Last week, the Illinois House of Representatives approved a bill to strengthen protections for pregnant employees in the workplace. HB 8, introduced by Rep. Mary Flowers (D-Chicago) and supported by Governor Pat Quinn, would amend the Illinois Human Rights Act to require employers to provide reasonable accommodations to employees for conditions related to pregnancy and childbirth. The bill would cover all working women, including full-time, part-time, and probationary employees.

Should the bill become law, examples of the types of reasonable accommodations employers may be required to provide include allowing more frequent bathroom breaks or water breaks, providing seating or assistance with manual labor, or modifying an employee’s job duties or work schedules. As under the Americans with Disabilities Act, however, employers would not be required to provide accommodations to pregnant employees that would impose an undue hardship on the business.

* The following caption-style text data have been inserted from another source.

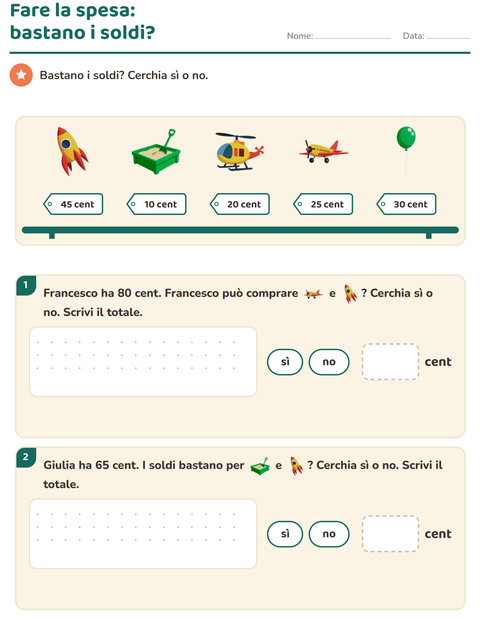 Anteprima della scheda di Contare le monete con Giocattoli per Scuola primaria classe seconda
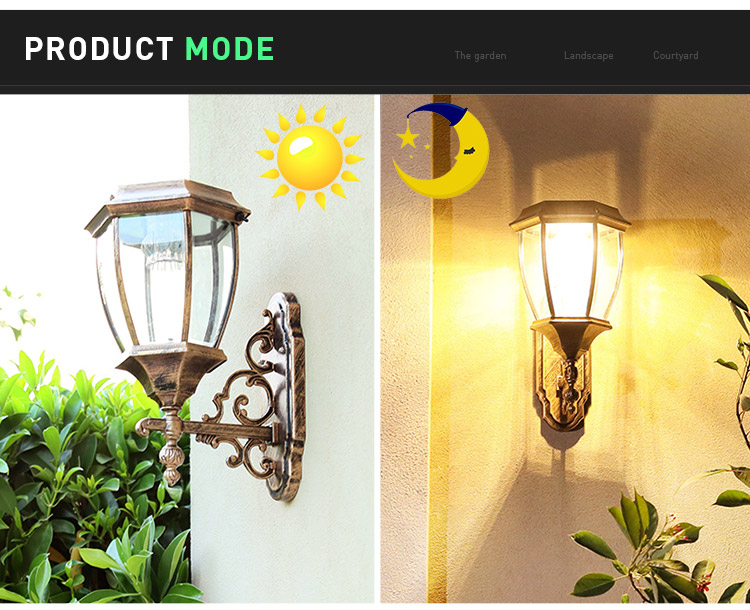Aluminum Outside Wall Mounted Solar Light IP55 Waterproof 1W 1.2W 2W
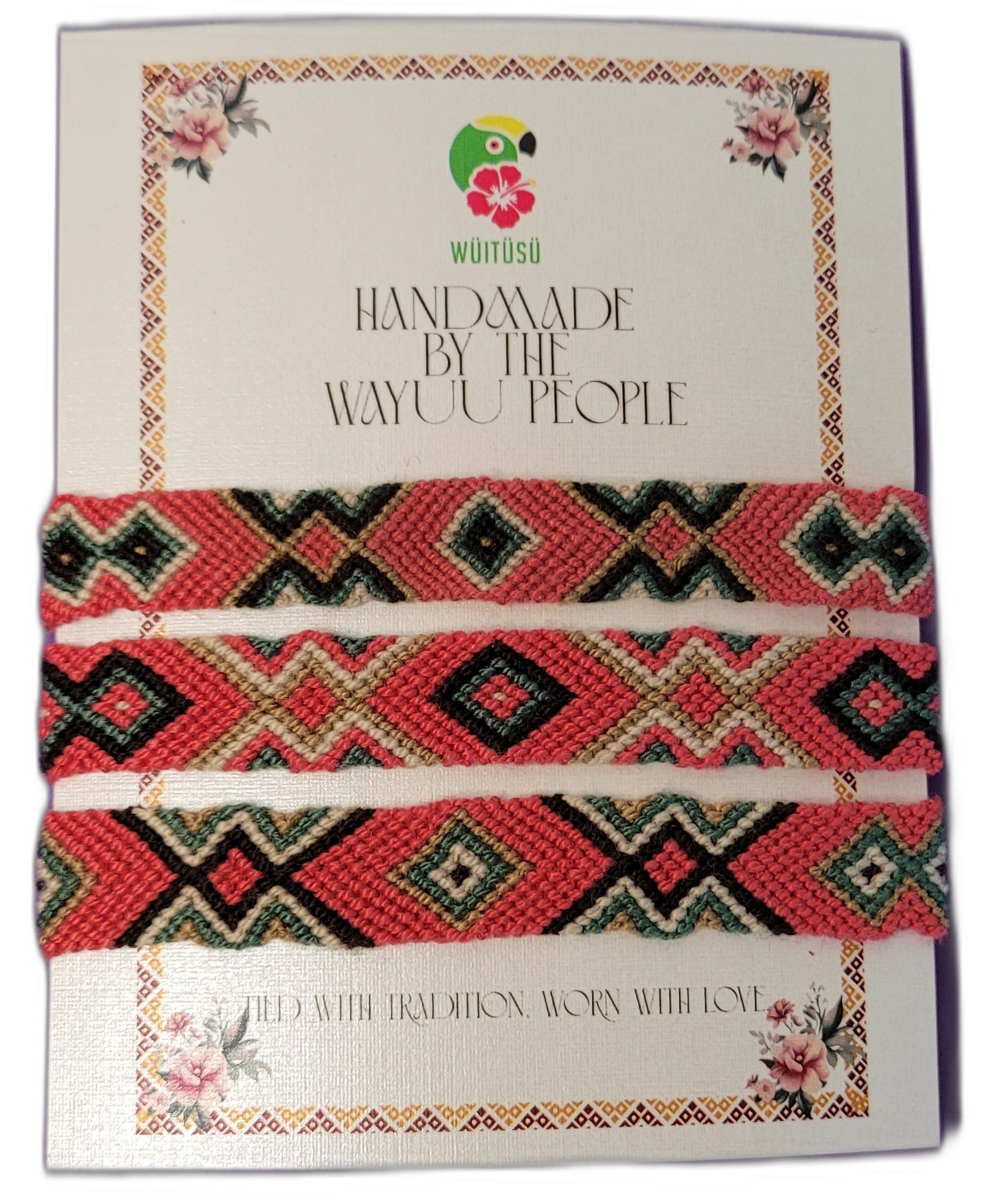 1 Handmade Wayuu friendship bracelets in coral, green, and cream.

The Illinois bill comes on the heels of similar legislation passed in Maryland, California and New York, and represents yet another sign, as we have recently observed, that discrimination claims by pregnant employees may be on the rise. In light of this trend, employers are advised to evaluate their policies regarding accommodating pregnant employees so as to reduce the risk of facing a challenge to such policies under either federal law (i.e., the Pregnancy Discrimination Act) or state law, should the Senate approve HB 8.